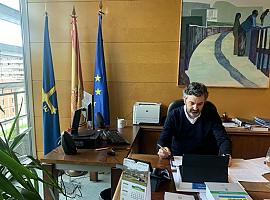 El medio rural como “despensa sostenible” de Asturias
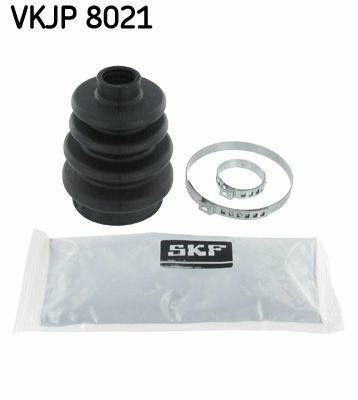 SKF OPEL Защита ШРУС внутр. 1,2-1,6D 19*55*98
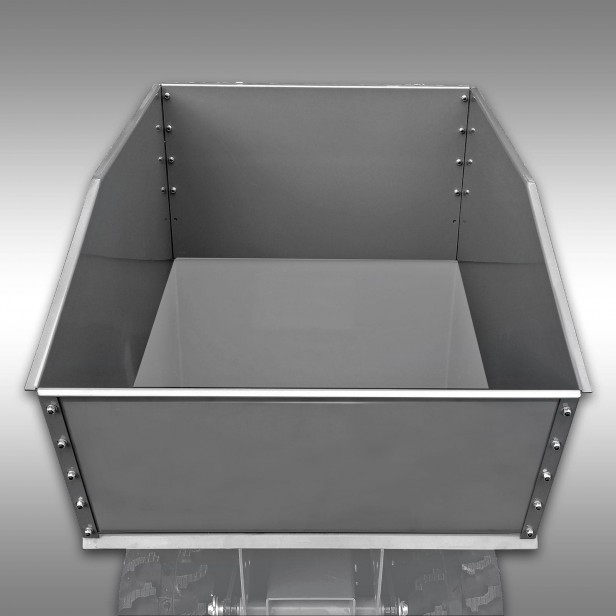 JANSEN ΕΠΙΠΛΕΟΝ ΕΠΕΚΤΑΣΗ ΓΙΑ RD-200, RD-300 and RD-500  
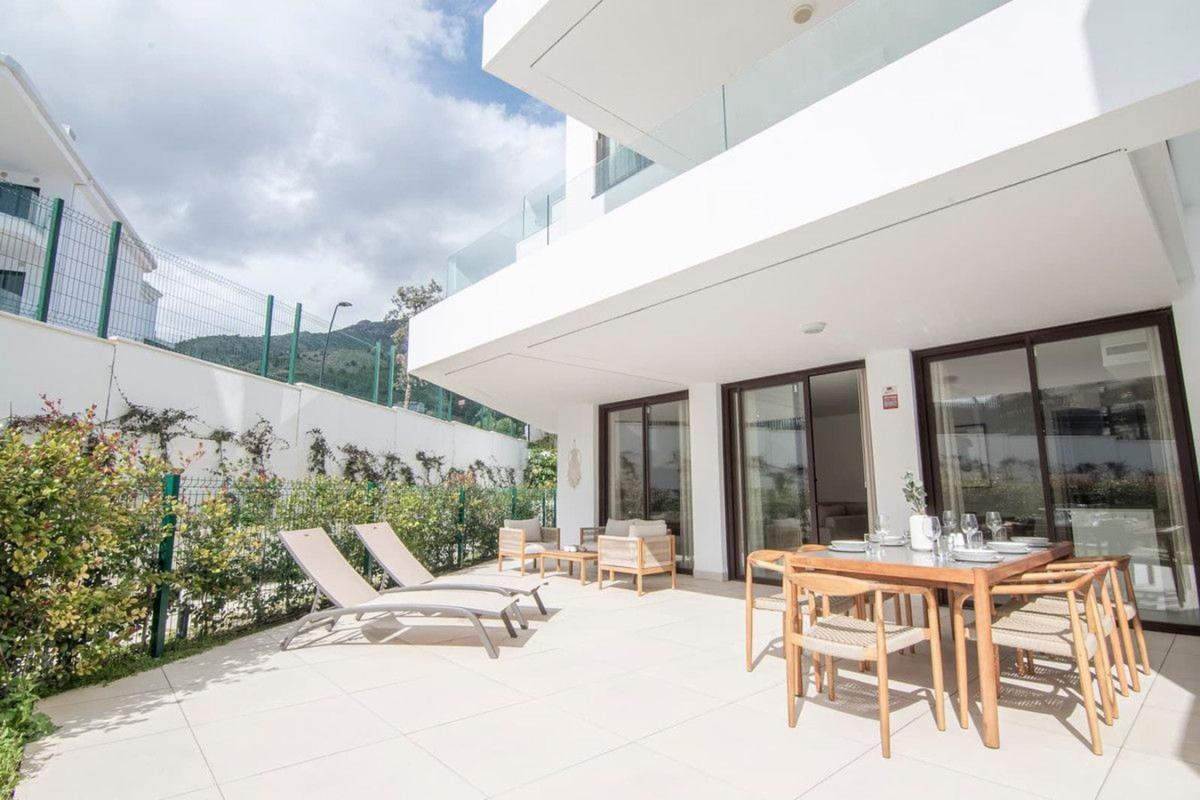 Venta de piso en Piso en Calle las Golondrinas, 126 p, El Higuerón, Fuengirola, Fuengirola
photo 2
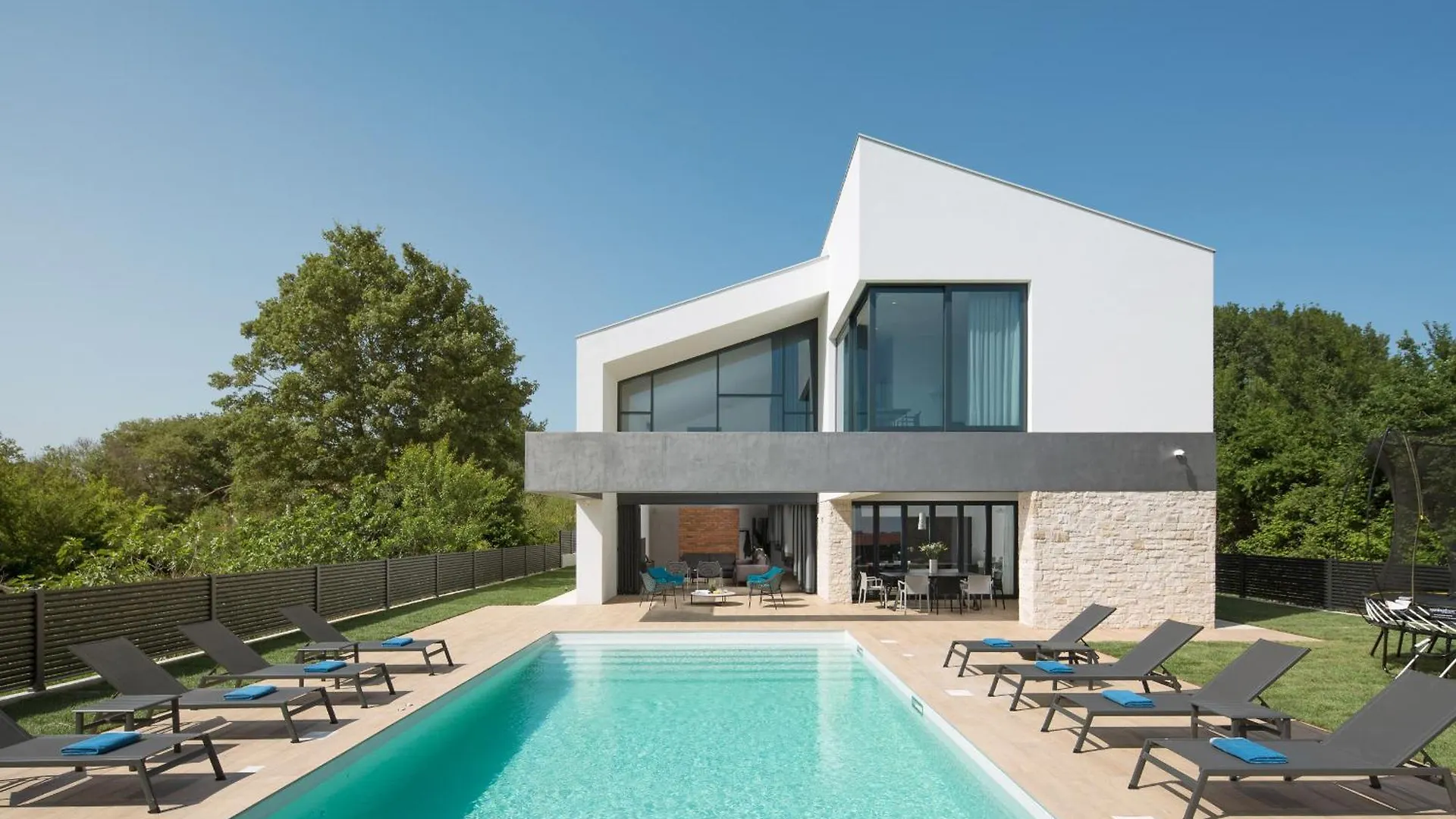 Eden Villa Liznjan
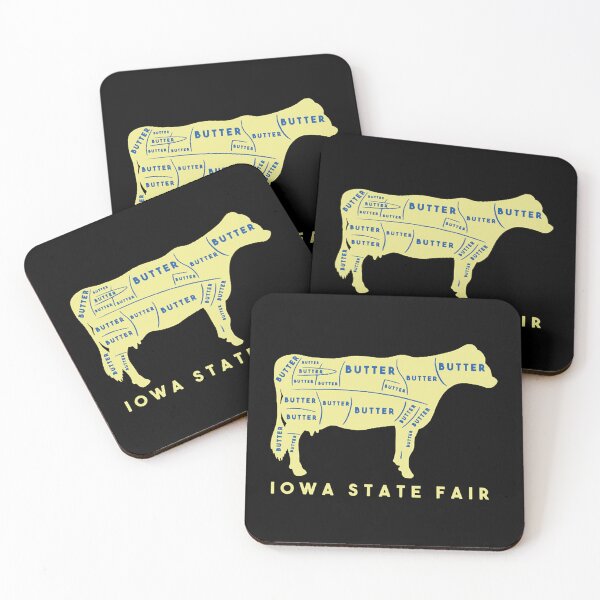 Item preview, Iowa Cow Fair designed and sold by RobertXarber.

### EXERCISE BRIEF
With the pictures removed, print the entries above exactly.

### ANSWER TO THE EXERCISE
 El medio rural como “despensa sostenible” de Asturias
 SKF OPEL Защита ШРУС внутр. 1,2-1,6D 19*55*98
 JANSEN ΕΠΙΠΛΕΟΝ ΕΠΕΚΤΑΣΗ ΓΙΑ RD-200, RD-300 and RD-500  
 Venta de piso en Piso en Calle las Golondrinas, 126 p, El Higuerón, Fuengirola, Fuengirola
photo 2
 Eden Villa Liznjan
 Item preview, Iowa Cow Fair designed and sold by RobertXarber.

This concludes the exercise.